Anthony Sochet, MD, MS, is an associate professor of anesthesiology and critical care medicine at Johns Hopkins University School of Medicine, as well as a pediatric intensivist and translational scientist at Johns Hopkins All Children’s Hospital, St. Petersburg, Florida.
With colleagues Amy Kiskaddon, PharmD, MBA, and Neil Goldenberg, MD, PhD, both also of Johns Hopkins University School of Medicine, Dr. Sochet coauthored a review article published in Blood on pharmacologic thromboprophylaxis for pediatric patients. He recently spoke with Heme Today on this subject.
According to Dr. Sochet, clinicians’ current decision-making about pharmacologic thromboprophylaxis use for pediatric inpatients is beset by major knowledge gaps. Because clinical trial data have been limited, there is a lack of standardized guidance and wide variance in how clinicians approach situations in which thromboprophylaxis must be considered.
“It is not as clear cut as it is with our adult counterparts in regards to when to apply what type of thromboprophylaxis, and as a result, there actually are no universal guidelines for the implementation of such among children,” Dr. Sochet explained.
Dr. Sochet pointed out that clinicians in these situations, who must balance risks of bleeding and clotting, also face a lack of data on bleeding risk among pediatric inpatients. Moreover, out of concern about such bleeding risk in patients with already elevated risk, clinicians often apply mechanical thromboprophylaxis alongside or in place of pharmacologic thromboprophylaxis.

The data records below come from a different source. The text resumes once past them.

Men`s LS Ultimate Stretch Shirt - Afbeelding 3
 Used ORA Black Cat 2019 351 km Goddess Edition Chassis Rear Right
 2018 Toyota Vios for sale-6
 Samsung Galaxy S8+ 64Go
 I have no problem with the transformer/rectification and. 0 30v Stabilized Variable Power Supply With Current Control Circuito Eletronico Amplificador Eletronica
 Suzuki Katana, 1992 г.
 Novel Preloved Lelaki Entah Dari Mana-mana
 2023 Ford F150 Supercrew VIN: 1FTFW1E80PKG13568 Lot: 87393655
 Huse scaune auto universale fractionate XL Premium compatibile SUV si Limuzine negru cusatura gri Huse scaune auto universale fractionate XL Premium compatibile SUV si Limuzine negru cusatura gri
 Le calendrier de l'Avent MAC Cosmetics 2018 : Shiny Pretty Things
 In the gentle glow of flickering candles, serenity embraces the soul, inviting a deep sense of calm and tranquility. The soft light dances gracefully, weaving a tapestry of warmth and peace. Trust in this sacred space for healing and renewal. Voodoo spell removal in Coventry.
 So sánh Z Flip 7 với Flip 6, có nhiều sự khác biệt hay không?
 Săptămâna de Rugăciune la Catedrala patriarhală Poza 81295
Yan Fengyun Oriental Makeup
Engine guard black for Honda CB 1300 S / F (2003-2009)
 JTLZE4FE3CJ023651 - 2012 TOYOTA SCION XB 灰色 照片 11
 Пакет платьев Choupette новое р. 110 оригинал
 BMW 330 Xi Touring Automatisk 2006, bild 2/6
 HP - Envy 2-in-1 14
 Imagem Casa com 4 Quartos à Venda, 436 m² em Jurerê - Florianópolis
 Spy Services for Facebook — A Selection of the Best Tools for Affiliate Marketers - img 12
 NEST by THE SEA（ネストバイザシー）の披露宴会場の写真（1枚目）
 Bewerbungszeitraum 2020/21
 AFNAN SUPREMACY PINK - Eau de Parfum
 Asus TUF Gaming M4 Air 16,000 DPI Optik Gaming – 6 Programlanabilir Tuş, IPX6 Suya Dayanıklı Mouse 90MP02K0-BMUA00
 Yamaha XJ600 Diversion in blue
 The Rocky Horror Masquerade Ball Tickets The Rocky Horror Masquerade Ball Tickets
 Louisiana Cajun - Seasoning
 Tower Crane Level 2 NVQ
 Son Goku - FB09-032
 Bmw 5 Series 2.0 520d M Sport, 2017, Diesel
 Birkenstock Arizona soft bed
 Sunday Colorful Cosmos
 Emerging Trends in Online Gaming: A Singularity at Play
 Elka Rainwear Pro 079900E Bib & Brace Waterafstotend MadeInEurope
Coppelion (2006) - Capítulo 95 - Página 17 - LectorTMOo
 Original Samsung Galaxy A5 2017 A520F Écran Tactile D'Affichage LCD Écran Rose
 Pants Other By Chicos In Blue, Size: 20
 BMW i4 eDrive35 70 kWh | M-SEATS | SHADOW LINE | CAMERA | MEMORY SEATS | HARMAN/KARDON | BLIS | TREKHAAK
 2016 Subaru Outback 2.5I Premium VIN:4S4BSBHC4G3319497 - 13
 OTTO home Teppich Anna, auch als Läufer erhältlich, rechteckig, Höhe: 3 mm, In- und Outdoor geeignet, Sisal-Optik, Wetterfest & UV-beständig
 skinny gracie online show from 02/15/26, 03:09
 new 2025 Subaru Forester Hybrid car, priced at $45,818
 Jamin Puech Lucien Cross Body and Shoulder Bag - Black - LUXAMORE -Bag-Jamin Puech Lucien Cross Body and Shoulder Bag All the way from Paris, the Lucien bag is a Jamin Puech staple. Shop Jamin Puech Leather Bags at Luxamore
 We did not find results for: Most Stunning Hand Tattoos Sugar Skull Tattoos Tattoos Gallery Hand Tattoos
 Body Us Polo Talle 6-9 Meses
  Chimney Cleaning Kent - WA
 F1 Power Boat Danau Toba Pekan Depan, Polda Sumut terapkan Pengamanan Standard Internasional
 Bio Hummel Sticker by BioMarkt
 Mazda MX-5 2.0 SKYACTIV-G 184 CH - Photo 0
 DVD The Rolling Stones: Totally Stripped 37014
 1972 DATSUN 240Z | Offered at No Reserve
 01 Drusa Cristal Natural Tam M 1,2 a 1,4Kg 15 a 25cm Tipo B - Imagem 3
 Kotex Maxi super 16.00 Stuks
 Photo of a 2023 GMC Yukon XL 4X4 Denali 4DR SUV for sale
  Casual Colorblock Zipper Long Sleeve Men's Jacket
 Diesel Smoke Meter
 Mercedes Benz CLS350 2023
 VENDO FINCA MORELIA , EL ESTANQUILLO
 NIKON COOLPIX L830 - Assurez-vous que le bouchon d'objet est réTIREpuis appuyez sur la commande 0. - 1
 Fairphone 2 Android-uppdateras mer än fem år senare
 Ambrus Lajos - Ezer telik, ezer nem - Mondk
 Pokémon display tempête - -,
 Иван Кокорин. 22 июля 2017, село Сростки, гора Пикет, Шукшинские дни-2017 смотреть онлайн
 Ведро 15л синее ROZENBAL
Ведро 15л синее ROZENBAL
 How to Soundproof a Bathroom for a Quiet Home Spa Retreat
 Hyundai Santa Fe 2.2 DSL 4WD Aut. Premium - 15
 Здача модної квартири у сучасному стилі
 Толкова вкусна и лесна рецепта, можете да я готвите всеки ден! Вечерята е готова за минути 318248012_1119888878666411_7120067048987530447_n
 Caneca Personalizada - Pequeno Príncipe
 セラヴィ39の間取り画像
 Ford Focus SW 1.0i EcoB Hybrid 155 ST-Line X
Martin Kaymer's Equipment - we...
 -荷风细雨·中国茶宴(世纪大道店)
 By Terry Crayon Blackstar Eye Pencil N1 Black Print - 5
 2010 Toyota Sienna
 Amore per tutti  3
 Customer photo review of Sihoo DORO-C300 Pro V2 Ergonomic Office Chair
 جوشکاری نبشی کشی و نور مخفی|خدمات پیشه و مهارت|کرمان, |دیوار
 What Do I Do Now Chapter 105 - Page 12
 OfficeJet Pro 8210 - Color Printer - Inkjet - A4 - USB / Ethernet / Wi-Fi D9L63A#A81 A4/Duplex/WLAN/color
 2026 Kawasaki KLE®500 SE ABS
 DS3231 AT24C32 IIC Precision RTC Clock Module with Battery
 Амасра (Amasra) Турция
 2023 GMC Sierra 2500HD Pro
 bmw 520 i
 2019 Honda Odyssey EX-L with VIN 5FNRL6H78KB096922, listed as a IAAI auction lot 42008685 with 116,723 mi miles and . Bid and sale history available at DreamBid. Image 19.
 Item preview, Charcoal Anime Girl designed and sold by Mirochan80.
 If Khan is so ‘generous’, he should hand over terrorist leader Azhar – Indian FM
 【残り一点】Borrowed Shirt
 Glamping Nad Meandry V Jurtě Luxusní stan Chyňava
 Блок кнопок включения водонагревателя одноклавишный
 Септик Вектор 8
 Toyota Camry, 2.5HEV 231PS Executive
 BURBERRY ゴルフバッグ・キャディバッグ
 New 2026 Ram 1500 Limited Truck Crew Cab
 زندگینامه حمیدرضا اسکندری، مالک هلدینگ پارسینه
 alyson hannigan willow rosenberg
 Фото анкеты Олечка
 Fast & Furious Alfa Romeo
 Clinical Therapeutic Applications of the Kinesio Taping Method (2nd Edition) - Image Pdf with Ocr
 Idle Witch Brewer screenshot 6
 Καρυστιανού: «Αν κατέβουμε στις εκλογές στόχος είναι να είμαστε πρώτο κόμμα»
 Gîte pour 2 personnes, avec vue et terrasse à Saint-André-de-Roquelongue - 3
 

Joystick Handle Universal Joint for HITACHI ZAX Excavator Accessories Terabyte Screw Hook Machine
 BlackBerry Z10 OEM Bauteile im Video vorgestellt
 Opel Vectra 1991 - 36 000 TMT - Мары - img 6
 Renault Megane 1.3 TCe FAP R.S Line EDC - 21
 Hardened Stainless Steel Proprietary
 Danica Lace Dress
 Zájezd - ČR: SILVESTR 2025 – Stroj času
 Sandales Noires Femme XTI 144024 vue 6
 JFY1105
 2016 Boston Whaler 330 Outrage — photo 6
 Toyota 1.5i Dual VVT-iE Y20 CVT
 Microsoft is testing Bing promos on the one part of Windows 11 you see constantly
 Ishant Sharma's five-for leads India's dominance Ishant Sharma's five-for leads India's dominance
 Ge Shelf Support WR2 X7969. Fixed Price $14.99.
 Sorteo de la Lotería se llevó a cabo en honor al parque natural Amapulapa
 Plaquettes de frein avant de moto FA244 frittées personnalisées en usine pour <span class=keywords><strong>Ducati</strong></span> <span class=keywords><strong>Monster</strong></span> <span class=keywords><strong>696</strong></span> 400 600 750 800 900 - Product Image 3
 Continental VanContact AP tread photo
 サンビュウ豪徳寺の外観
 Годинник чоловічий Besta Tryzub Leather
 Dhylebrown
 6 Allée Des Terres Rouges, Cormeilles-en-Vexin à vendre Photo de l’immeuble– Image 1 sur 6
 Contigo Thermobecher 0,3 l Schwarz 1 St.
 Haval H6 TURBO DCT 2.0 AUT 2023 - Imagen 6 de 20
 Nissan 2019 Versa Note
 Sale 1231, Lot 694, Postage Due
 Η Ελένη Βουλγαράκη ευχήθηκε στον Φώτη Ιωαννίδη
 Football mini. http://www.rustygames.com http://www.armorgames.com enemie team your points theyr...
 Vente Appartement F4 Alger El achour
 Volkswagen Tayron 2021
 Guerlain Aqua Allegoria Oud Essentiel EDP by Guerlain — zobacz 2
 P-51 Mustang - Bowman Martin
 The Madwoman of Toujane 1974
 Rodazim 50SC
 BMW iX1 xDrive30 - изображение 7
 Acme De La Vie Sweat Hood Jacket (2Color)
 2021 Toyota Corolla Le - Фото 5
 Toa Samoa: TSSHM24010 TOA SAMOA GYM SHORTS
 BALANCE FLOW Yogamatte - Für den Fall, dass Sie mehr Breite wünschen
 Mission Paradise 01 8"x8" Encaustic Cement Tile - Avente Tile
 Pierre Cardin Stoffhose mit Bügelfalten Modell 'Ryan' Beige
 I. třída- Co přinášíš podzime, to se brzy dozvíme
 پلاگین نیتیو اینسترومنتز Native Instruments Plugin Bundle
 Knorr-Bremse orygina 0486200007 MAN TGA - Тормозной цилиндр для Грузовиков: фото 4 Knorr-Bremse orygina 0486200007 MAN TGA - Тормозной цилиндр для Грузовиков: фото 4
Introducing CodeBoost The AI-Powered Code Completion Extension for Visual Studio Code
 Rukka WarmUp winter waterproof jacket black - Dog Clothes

“The actual evidence that’s there is even more scarce than what exists for the anticoagulant thromboprophylaxis. That’s concerning for us as providers and as scientists because we may be approaching that wrong,” Dr. Sochet elaborated.
The review article coauthored by Dr. Sochet and colleagues was an effort to address these knowledge gaps and aid clinicians’ care choices regarding pharmacologic thromboprophylaxis use for pediatric inpatients. In this article, they establish a set of clinical scenarios commonly faced by a wide range of healthcare professionals and then describe care approaches that have a reasonable basis in available observational and phase 2 trial evidence.
“We do suggest some strategies that are, I think, acceptable amongst a consensus reader group but that would be easily debatable. I would just the same argue against, maybe, some of our pragmatic approach because we know that the work still needs to be done,” Dr. Sochet clarified.
Dr. Sochet pointed out that there are inpatient risk models, such as from the Children’s Healthcare Advancements in Thrombosis Consortium, available to help stratify patients’ anticoagulant needs. Certain clinical features, such as the presence of a central venous catheter or an infectious inflammatory process, consistently show a link to thromboembolism risk, and a few phase 2 and 3 trials are under way to investigate pharmacologic thromboprophylaxis in certain pediatric subpopulations.
However, Dr. Sochet stressed the need for more multicenter collaborative trials to evaluate anticoagulant therapies for pediatric inpatients.
“Until those are completed, how we approach thromboprophylaxis is very subjective and limited to the evidence that currently is present,” he remarked.
Dr. Sochet expressed confidence that more evidence will become available within the next 5 to 10 years, which will help guide clinical decisions about pediatric thromboprophylaxis.
“I think the future is bright in that we may find ourselves soon studying non-anticoagulant- based pharmacologic thromboprophylaxis therapies, which may be bleeding risk sparing or reduced, which is excellent,” Dr. Sochet concluded.